#### DATA UNDER STUDY:
****

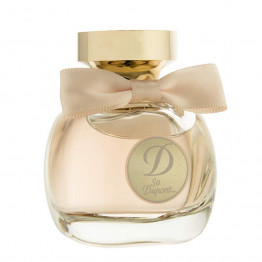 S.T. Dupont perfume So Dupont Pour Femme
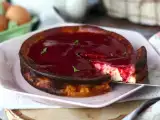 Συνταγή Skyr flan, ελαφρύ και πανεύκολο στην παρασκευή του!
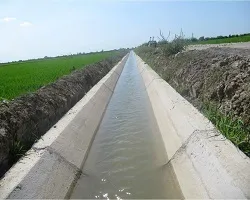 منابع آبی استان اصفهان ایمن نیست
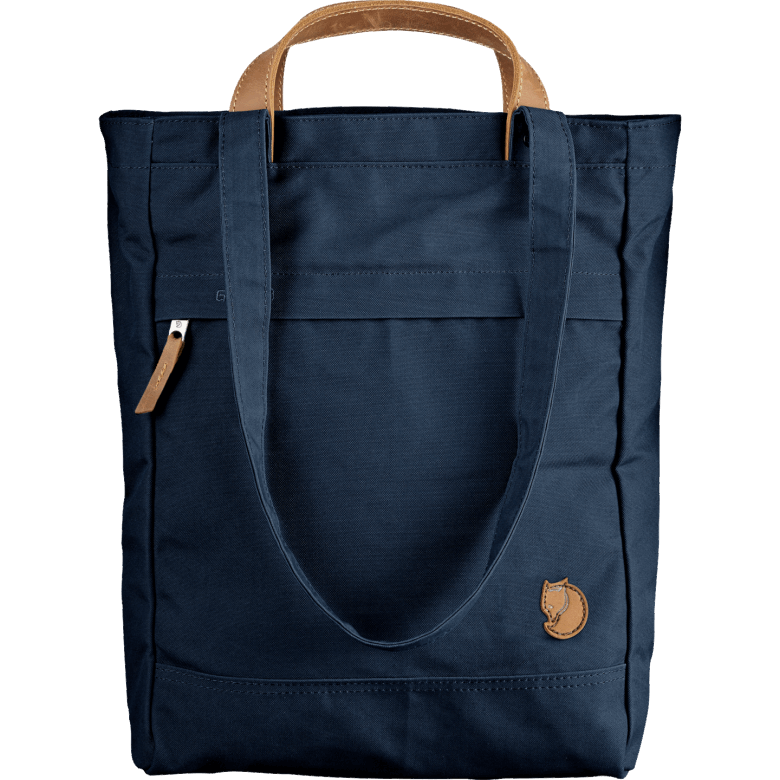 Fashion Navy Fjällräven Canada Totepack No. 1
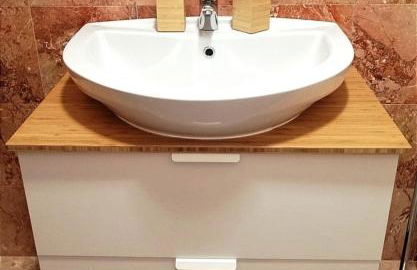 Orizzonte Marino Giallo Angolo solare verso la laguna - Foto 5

****

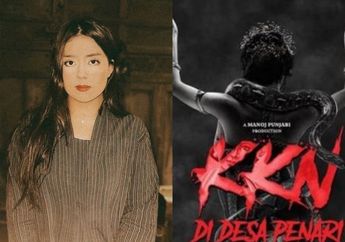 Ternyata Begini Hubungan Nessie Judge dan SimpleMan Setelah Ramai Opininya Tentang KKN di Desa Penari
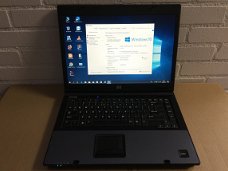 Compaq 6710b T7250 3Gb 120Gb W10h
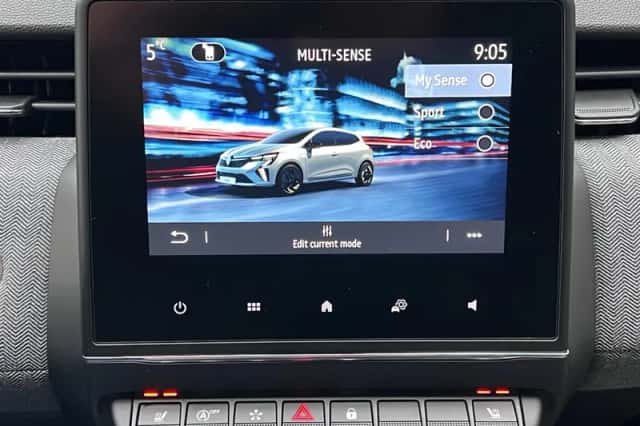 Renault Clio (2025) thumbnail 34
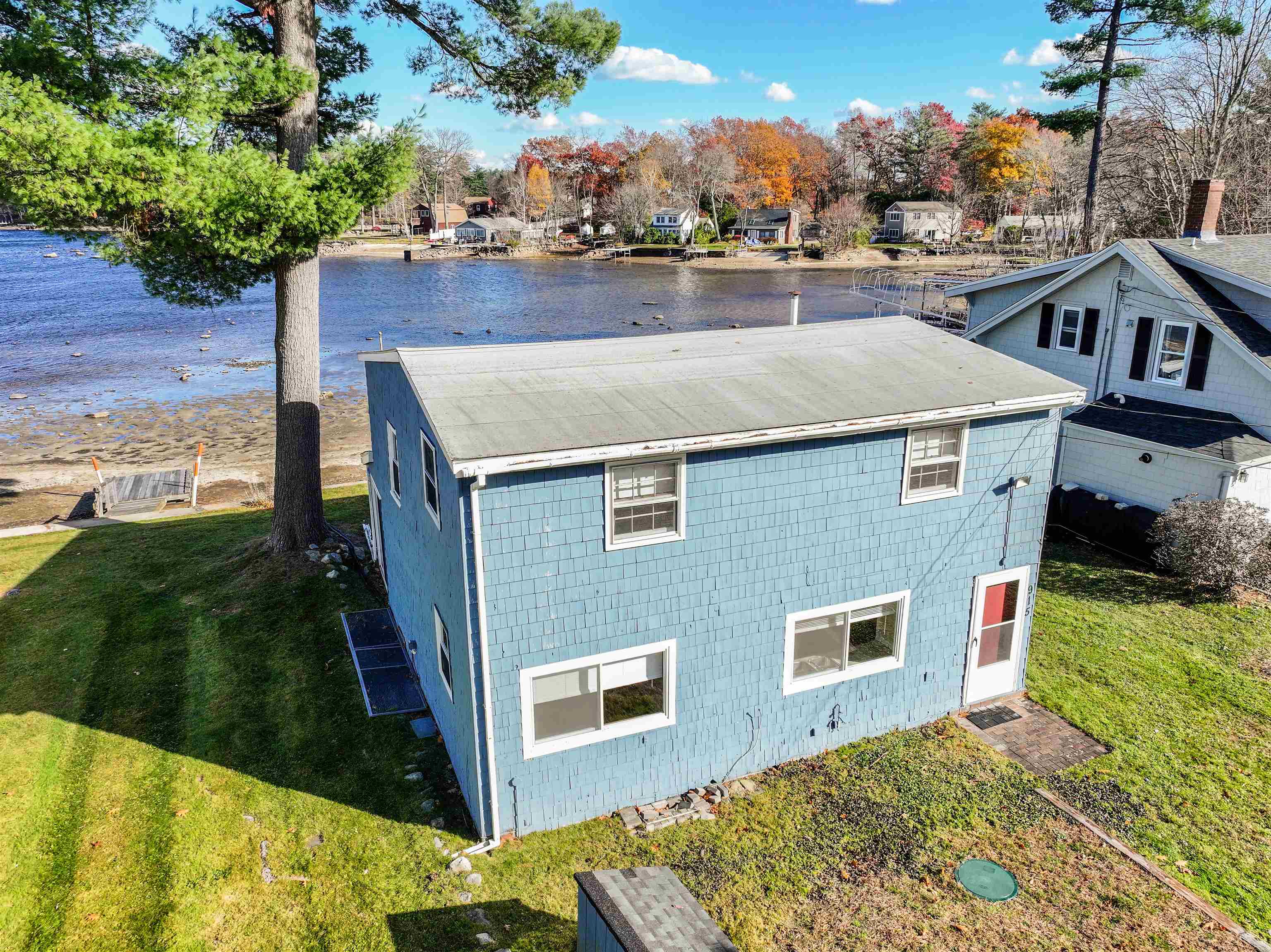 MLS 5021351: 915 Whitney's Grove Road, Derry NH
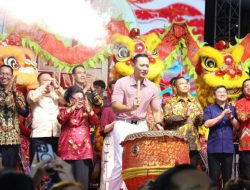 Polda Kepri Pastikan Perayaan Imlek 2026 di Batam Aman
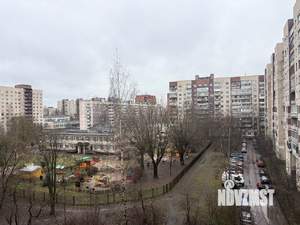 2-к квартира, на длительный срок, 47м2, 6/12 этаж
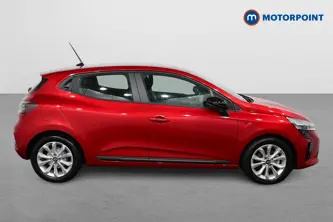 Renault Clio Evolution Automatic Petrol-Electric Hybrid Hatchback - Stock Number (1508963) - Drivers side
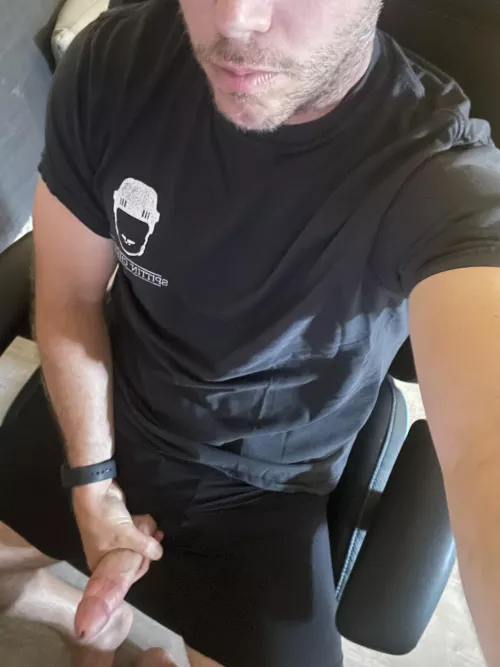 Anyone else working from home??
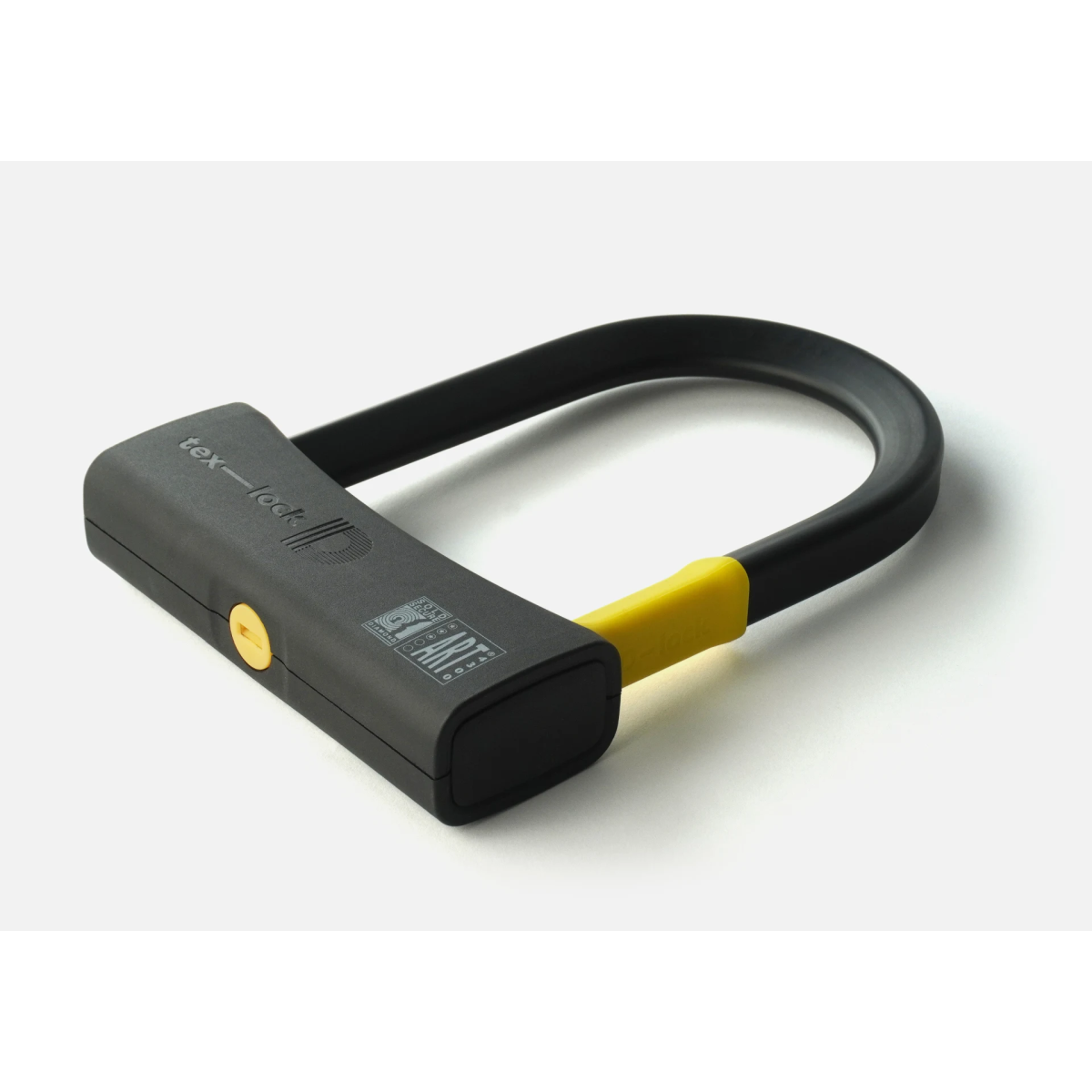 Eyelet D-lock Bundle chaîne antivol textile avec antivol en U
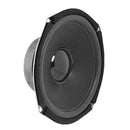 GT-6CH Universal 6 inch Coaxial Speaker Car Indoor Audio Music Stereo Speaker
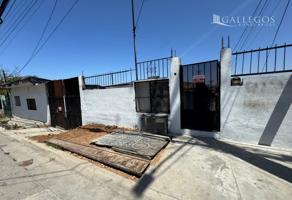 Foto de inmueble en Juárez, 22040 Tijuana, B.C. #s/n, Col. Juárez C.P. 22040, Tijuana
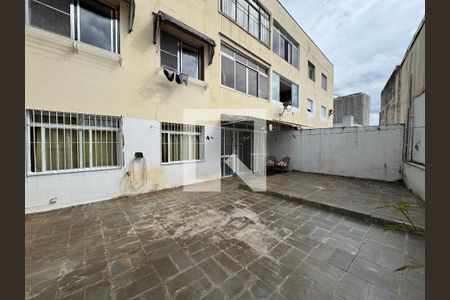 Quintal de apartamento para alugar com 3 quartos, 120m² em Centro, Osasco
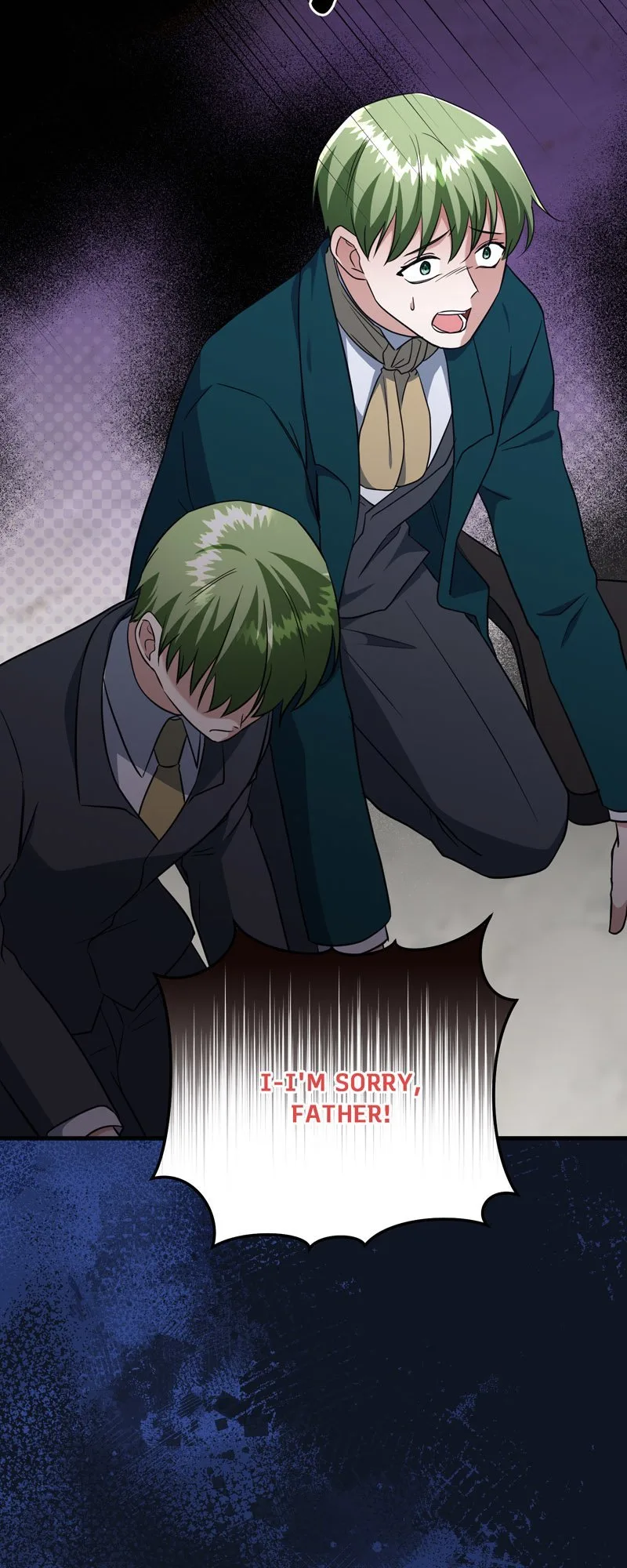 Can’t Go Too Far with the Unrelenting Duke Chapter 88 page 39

****

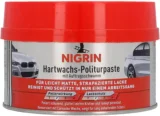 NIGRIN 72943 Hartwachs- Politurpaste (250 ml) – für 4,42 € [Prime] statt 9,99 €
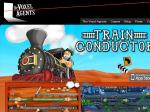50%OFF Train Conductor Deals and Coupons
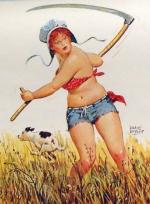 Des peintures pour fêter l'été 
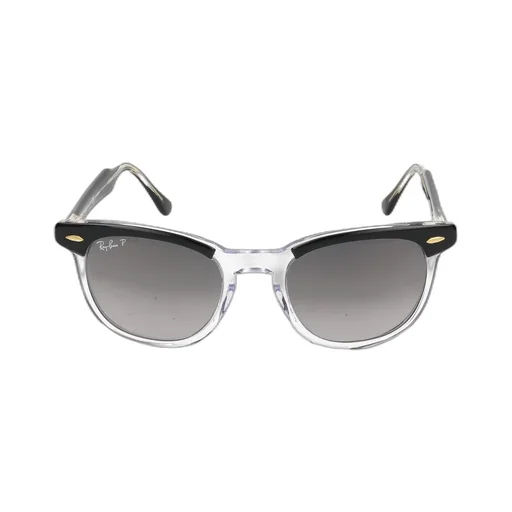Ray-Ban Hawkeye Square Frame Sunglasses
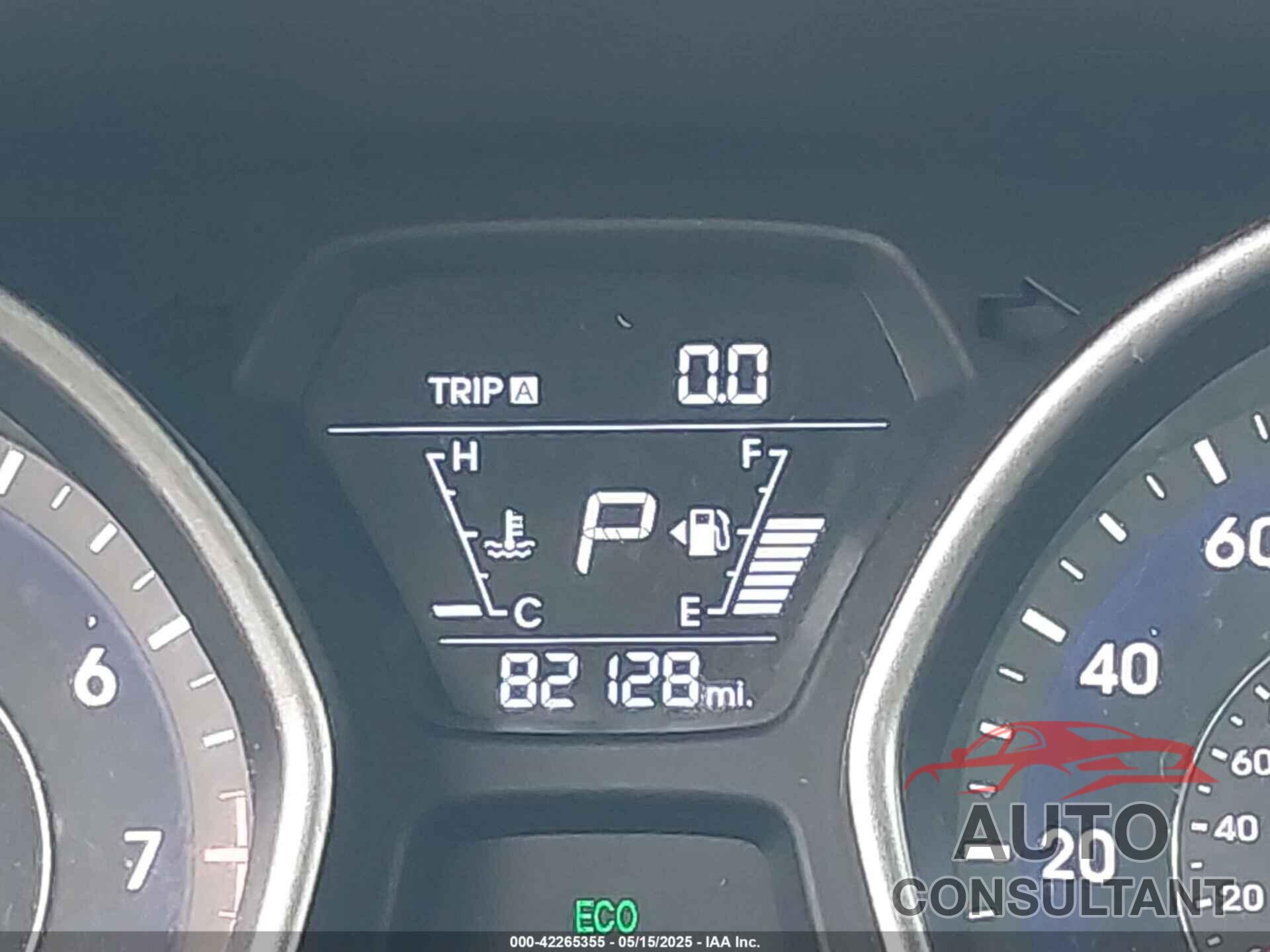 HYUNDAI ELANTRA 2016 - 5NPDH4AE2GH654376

****

Using the records above, print exactly the run of lines that starts with the line with "NIGRIN 72943 Hartwachs- Politurpaste" and goes on through the line with "HYUNDAI ELANTRA 2016 - 5NPDH4AE2GH654376", pictures excluded.

#### ANSWER BELOW:
 NIGRIN 72943 Hartwachs- Politurpaste (250 ml) – für 4,42 € [Prime] statt 9,99 €
50%OFF Train Conductor Deals and Coupons
 Des peintures pour fêter l'été 
Ray-Ban Hawkeye Square Frame Sunglasses
 HYUNDAI ELANTRA 2016 - 5NPDH4AE2GH654376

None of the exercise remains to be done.